# Try it
For the listing below, print exactly the lines from the line with "Image of Wrangler" to the line with "Illuminazione per facciate", both included, and nothing beyond them.

# Supplied material
════

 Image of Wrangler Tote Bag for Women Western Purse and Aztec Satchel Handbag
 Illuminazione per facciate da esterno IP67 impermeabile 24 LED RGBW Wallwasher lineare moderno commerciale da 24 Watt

════

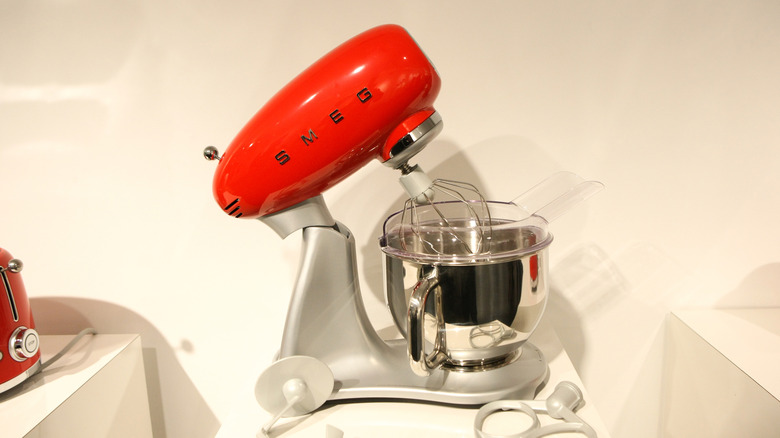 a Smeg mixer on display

════

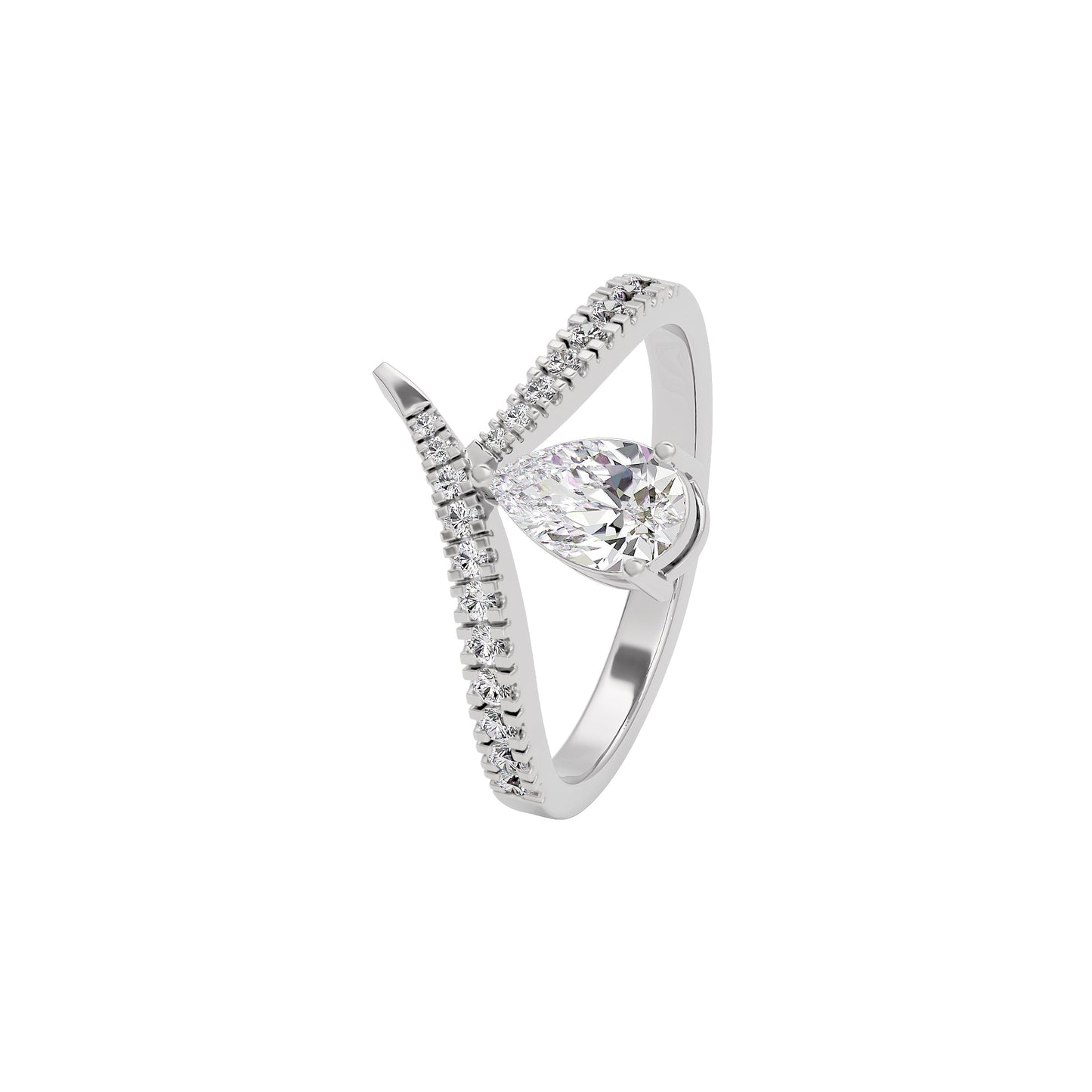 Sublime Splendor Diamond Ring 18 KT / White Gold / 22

════

# Solution to the problem
 Image of Wrangler Tote Bag for Women Western Purse and Aztec Satchel Handbag
 Illuminazione per facciate da esterno IP67 impermeabile 24 LED RGBW Wallwasher lineare moderno commerciale da 24 Watt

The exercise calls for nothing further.